• **PROBLEM STATEMENT**
Pictures stay out. Everything else in the listing below gets written out exactly.

• **DATA EXCERPT**

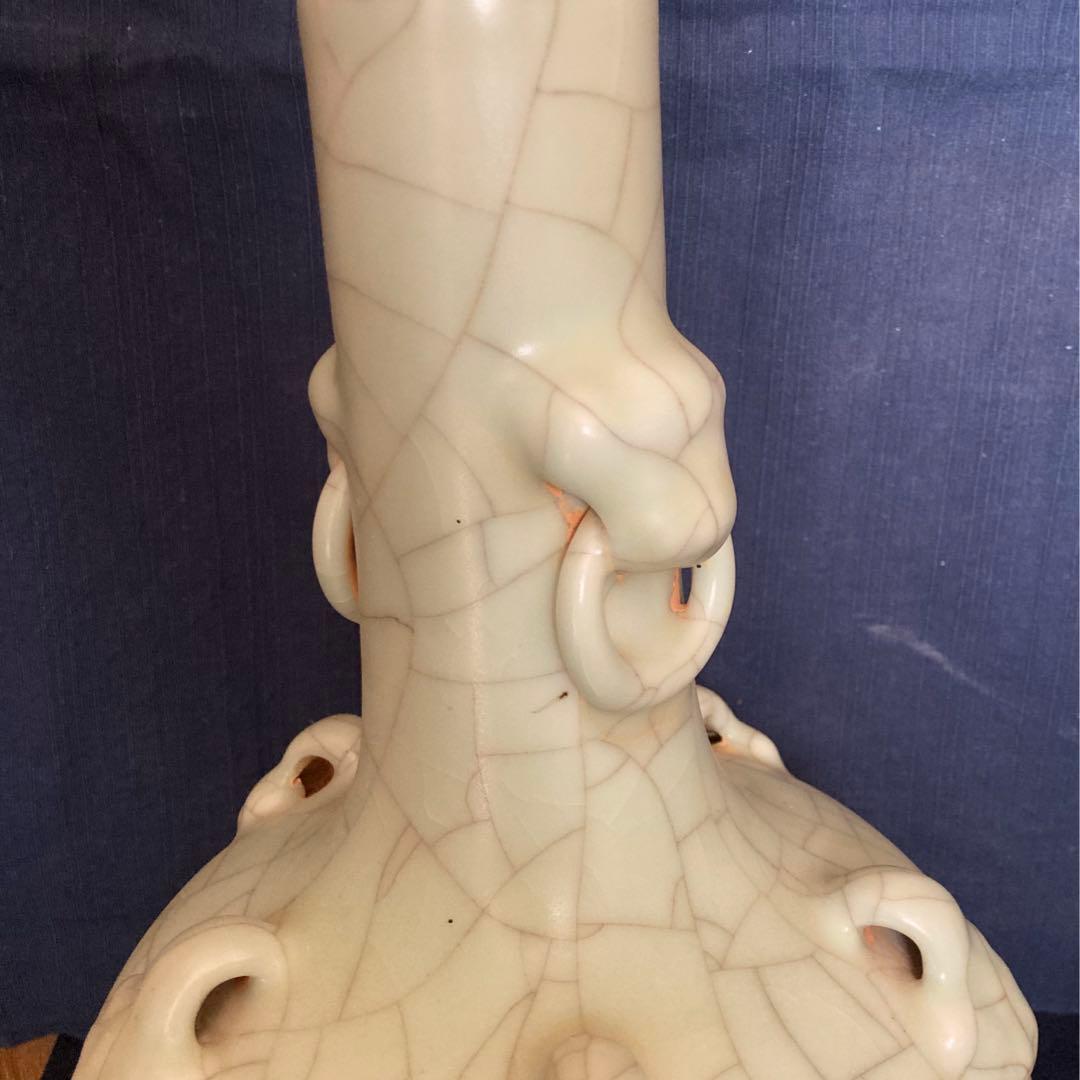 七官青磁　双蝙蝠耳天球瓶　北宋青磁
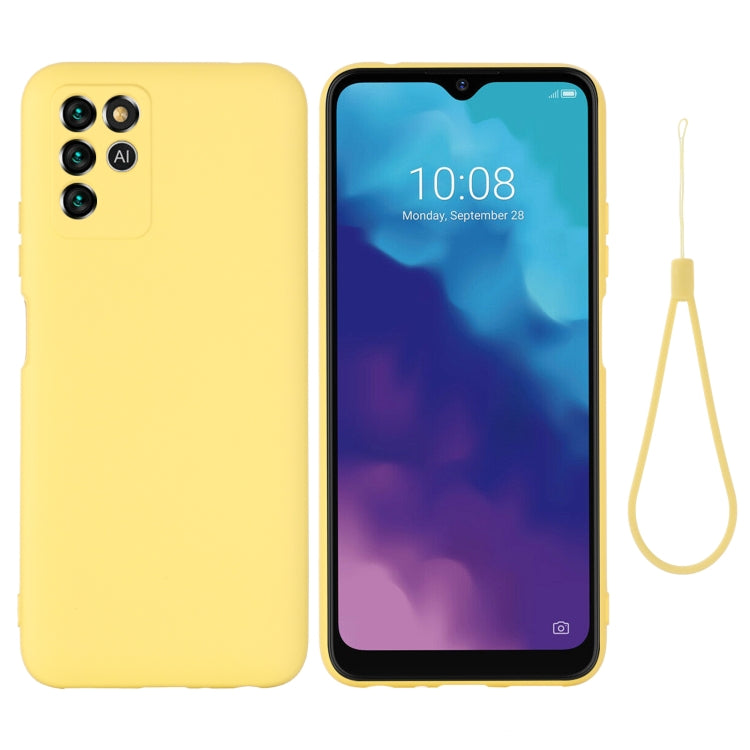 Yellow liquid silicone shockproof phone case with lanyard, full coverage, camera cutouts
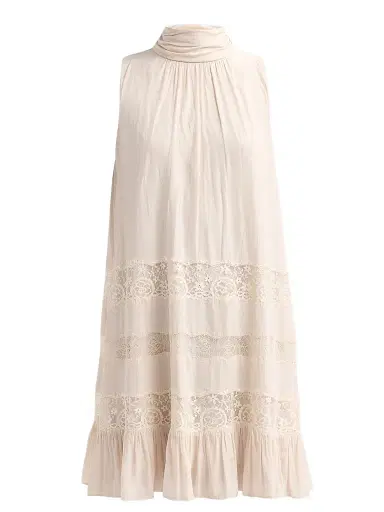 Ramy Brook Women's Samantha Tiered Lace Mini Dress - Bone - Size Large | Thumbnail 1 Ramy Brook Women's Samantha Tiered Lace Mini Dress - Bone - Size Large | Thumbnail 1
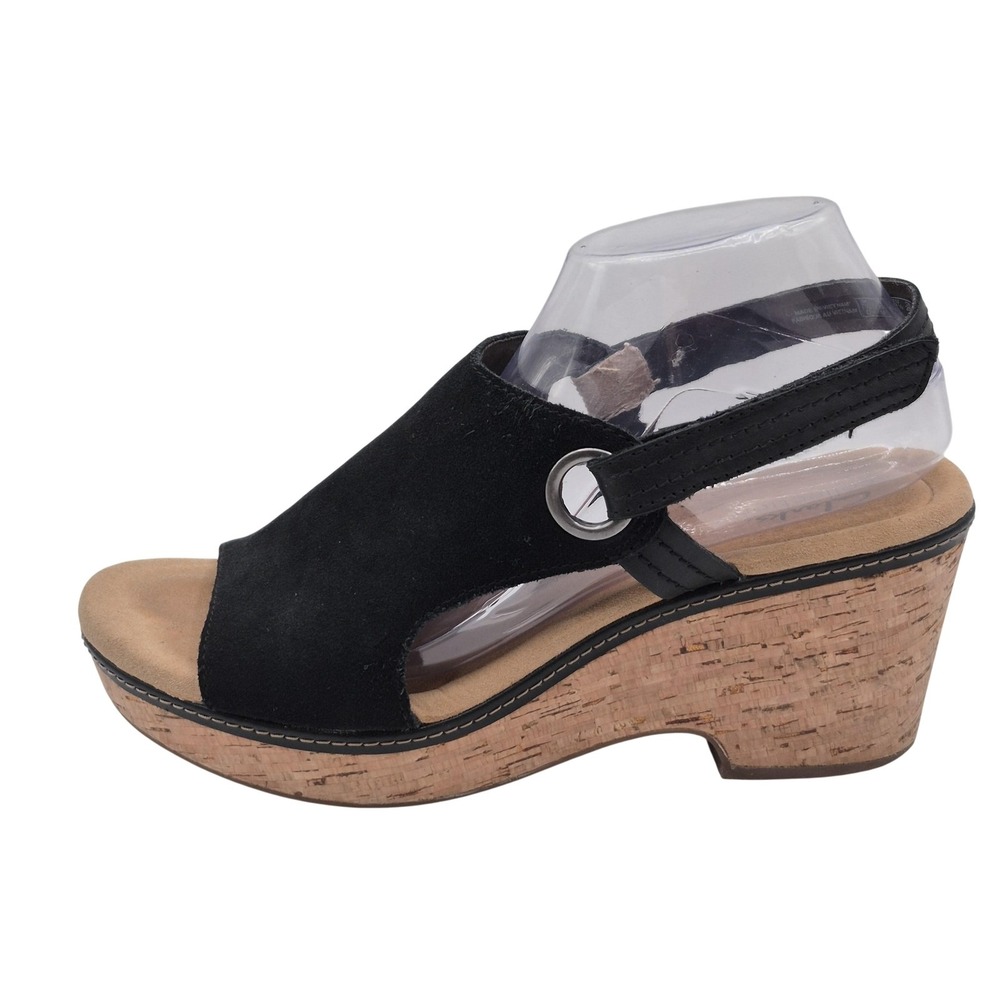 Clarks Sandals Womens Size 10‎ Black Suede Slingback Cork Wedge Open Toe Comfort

• **REPLY TO THE EXERCISE**
 七官青磁　双蝙蝠耳天球瓶　北宋青磁
 Yellow liquid silicone shockproof phone case with lanyard, full coverage, camera cutouts
 Ramy Brook Women's Samantha Tiered Lace Mini Dress - Bone - Size Large | Thumbnail 1 Ramy Brook Women's Samantha Tiered Lace Mini Dress - Bone - Size Large | Thumbnail 1
 Clarks Sandals Womens Size 10‎ Black Suede Slingback Cork Wedge Open Toe Comfort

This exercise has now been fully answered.